### Exercise instructions
Instruction for the data below: set down exactly the lines from the line with "Ensemble de casseroles" to the line with "Peaceful and tranquil", inclusive, and no others.

### Extracted information
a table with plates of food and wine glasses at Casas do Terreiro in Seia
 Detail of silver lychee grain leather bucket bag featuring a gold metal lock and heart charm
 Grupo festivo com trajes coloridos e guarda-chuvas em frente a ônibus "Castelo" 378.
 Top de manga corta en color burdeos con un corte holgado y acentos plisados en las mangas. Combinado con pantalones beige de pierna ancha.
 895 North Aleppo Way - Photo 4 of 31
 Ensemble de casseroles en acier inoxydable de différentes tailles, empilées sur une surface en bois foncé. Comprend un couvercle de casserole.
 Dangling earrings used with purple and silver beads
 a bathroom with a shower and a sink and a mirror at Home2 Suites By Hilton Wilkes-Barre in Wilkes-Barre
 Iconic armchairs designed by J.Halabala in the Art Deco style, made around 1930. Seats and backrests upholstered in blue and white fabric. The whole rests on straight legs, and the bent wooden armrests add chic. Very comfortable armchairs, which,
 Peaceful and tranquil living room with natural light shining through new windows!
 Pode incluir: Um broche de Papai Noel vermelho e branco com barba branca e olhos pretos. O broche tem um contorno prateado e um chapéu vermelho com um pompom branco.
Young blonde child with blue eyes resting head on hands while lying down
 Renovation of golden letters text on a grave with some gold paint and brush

### Task result
 Ensemble de casseroles en acier inoxydable de différentes tailles, empilées sur une surface en bois foncé. Comprend un couvercle de casserole.
 Dangling earrings used with purple and silver beads
 a bathroom with a shower and a sink and a mirror at Home2 Suites By Hilton Wilkes-Barre in Wilkes-Barre
 Iconic armchairs designed by J.Halabala in the Art Deco style, made around 1930. Seats and backrests upholstered in blue and white fabric. The whole rests on straight legs, and the bent wooden armrests add chic. Very comfortable armchairs, which,
 Peaceful and tranquil living room with natural light shining through new windows!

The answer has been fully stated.